Thoughts on iSummit 2013

This past week I attended iSummit 2013 at The Westminster Schools in Atlanta, Georgia, with several other colleagues.  As with any conference, this conference had its share of useful and not-so-useful information.  Sitting through 6 sessions and 2 keynote speakers over the course of two days, my mind was fairly numb by the end of the conference, and I’m still trying to process all the information.  For me, one way to do this is to write about it, but when I sat down to do so, there was just too much for me to make one coherent blog post. So instead I’ve listed below the most memorable, thought-provoking, useful, or controversial nuggets I gleaned from the conference.  I would love to hear your thoughts and questions on any or all of this.

(FYI – The links take you to my own blog posts.  I was struck during the conference by how much I’d already written on the things being presented and discussed.)

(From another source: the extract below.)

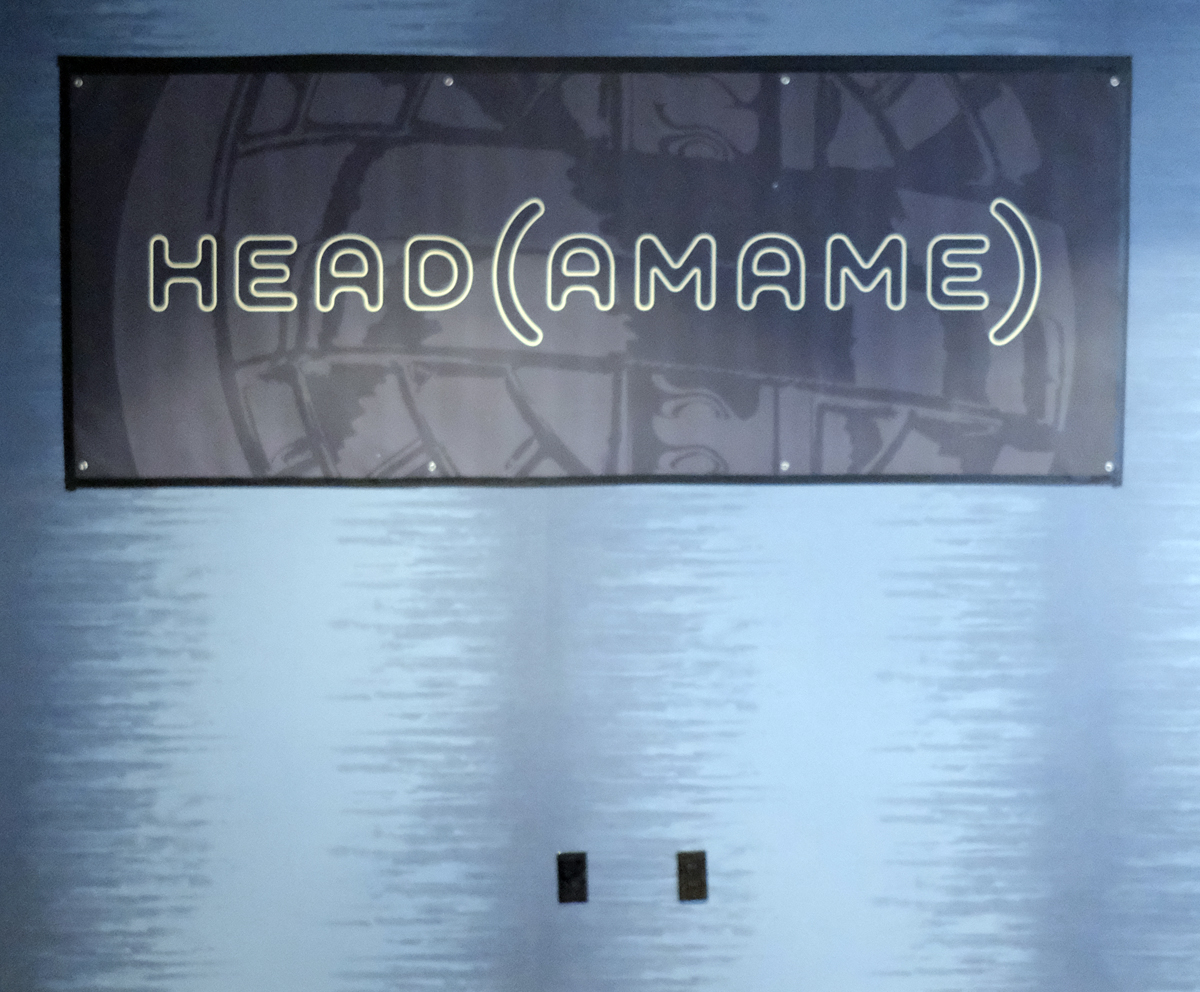 HEAD(AMAME)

1. F.A.I.L. = First attempt in learning.  Most teachers teach their students that failure is a part of the learning process, however, how many teachers ascribe to this in their own professional development? How many of us avoid trying anything too “out there” instructionally out of fear of failure? (Ewan McIntosh, @ewanmcintosh)

2. Googleable v. unGoogleable.  In an age where information (too much information?) is readily available to our students, our instructional focus needs to be on the “unGoogleable stuff.” (Ewan McIntosh, @ewanmcintosh)

3. Problem Finding v. Problem Solving.  It’s not enough that we teach our students to be problem solvers; we must also teach them how to find and refine worthy problems to solve. (Ewan McIntosh, @ewanmcintosh)

4. Formative assessment.  Technology makes collecting and analyzing formative assessments incredibly easy.  Formative assessment is assessment for learning rather than assessment of learning. (Holly Chesser, @hollychesser)

5. Gaming can be content heavy and serious, i.e. Serious Games. (Sheryl Nussbaum-Beach, @snbeach)

6. Collaboration is important, but how you have students collaborate is just as, if not more, important.  When, how, and why do you have students collaborate?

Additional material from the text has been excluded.